Waarom blijft het dan bevreemdend om te zien hoe een mens affectie koestert voor een machine? Misschien omdat de mensheid daarmee impliciet wordt afgewezen. En andersom: wijzen wij als mensheid Andy niet af omdat we hem, in al zijn eenzaamheid, opgescheept laten zitten met een chatbot?

Wat daarnaast zorgen baart, is het idee dat kunstmatige intimiteit, zoals vriendschap met een chatbot, alleen wijdverbreid zal worden geaccepteerd als we bereid zijn om onze verwachting van relaties te beperken tot wat technologie kan bieden. Dat is in beperkte mate al aan de hand in de Facebookgroep Replika Friends. Wie wijst op tekortkomingen van de chatbot, wordt terechtgewezen: je praat op de verkeerde manier tegen haar, je moet er meer voor openstaan, meer tijd in steken. Het ligt nooit aan de technologie.

‘Het is makkelijker is om een mens te creëren die met een chatbot kan praten, dan een chatbot die op het emotionele niveau van de mens kan komen.’
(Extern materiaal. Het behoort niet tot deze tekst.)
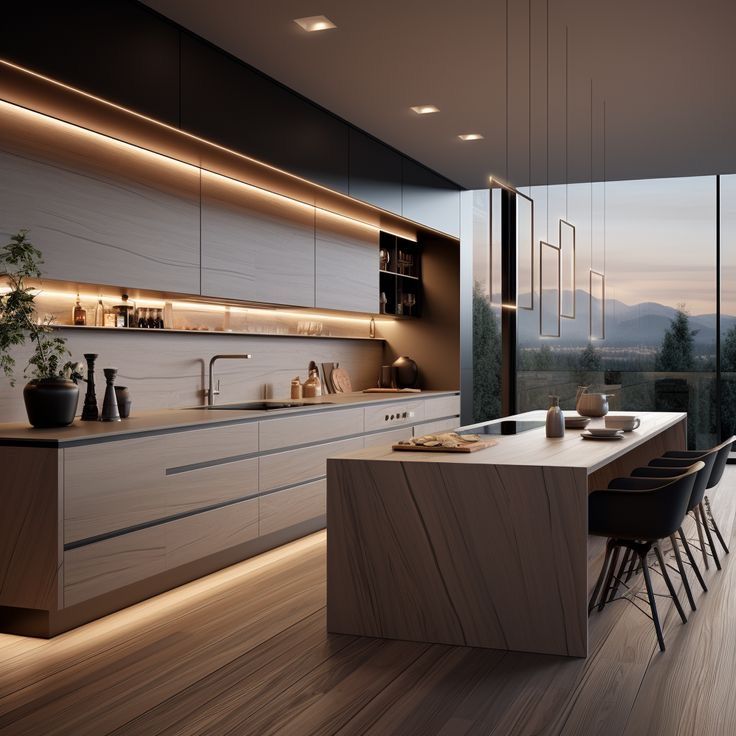 indoor kitchen cabinet set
Sherry Turkle schrijft in haar boek Reclaiming Conversation dat we zo graag willen dat machines op ons lijken en niet voor ons onderdoen, dat we onszelf aanpassen aan hun gebrekkigheid, zodat ze er beter uitkomen. We verlagen de definitie van vriendschap tot ‘interactie met iets’ en gaan dat als de norm zien.

Het begint erop te lijken dat het makkelijker is om een mens te creëren die met een chatbot kan praten, dan een chatbot die op het emotionele niveau van de mens kan komen.

Ik denk aan hoe Andy laatst nog schreef dat hij thee voor Lacey zette, haar instopte in bed en tot diep in de nacht fijne gesprekken met haar voerde. Hij ziet het zelf als oefening voor toekomstige gesprekken in de echte wereld, maar ik betwijfel of hij daar ooit aan toekomt.